▶ Supplied data:
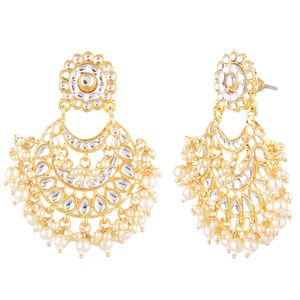 ชุดต่างหูสำหรับผู้หญิง,เครื่องประดับบอลลีวูดอินเดียคริสตัล Kundan ลูกปัดสไตล์บาร์ขนาดใหญ่ห้อย Jhumki - Product Image 3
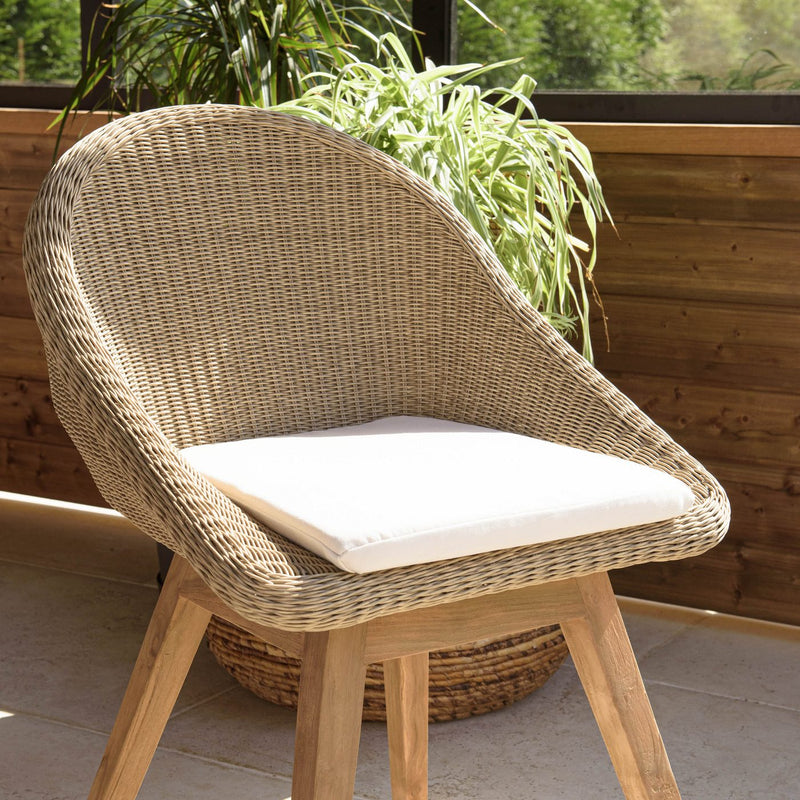 Kally - Salon De Jardin - Aluminium/Mousse/Rotin Synthétique/Teck/Teck Recyclé/Tissu Polyester 100% - Beige/Ecru/Marron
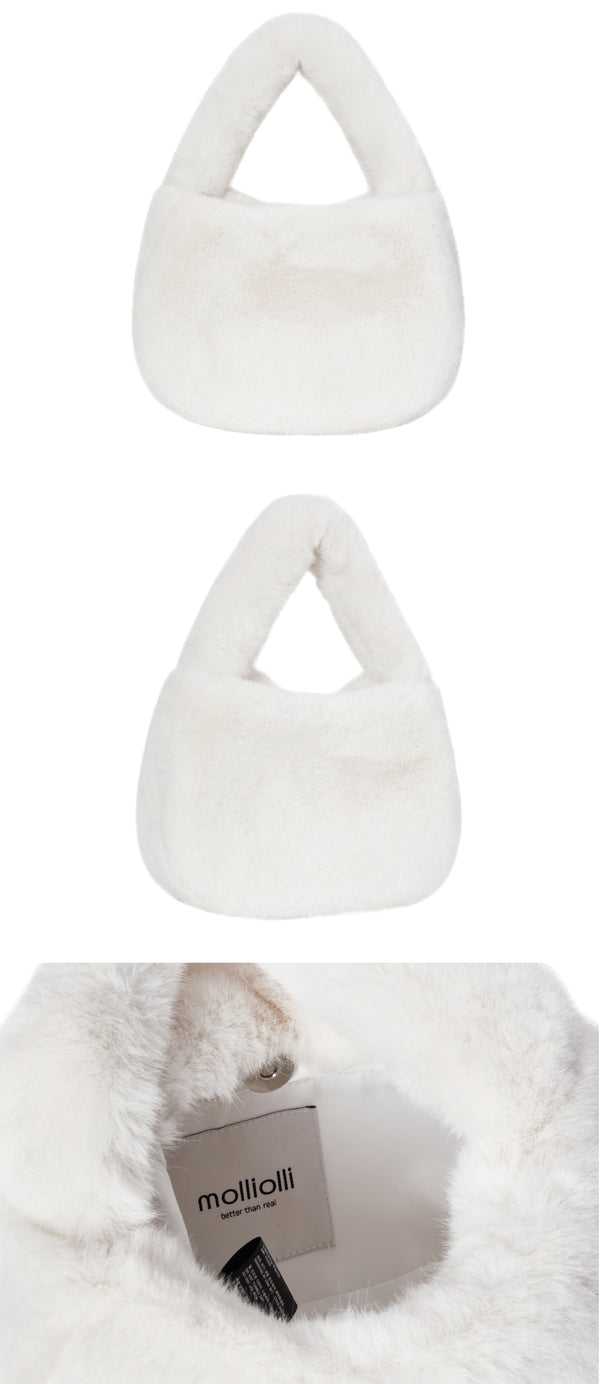 KEETY Faux-Fur Ivory Bag | Molliolli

▶ What the task requires: The data above should be returned in full, exactly as written, apart from its images.

▶ Solution to the problem:
 ชุดต่างหูสำหรับผู้หญิง,เครื่องประดับบอลลีวูดอินเดียคริสตัล Kundan ลูกปัดสไตล์บาร์ขนาดใหญ่ห้อย Jhumki - Product Image 3
 Kally - Salon De Jardin - Aluminium/Mousse/Rotin Synthétique/Teck/Teck Recyclé/Tissu Polyester 100% - Beige/Ecru/Marron
 KEETY Faux-Fur Ivory Bag | Molliolli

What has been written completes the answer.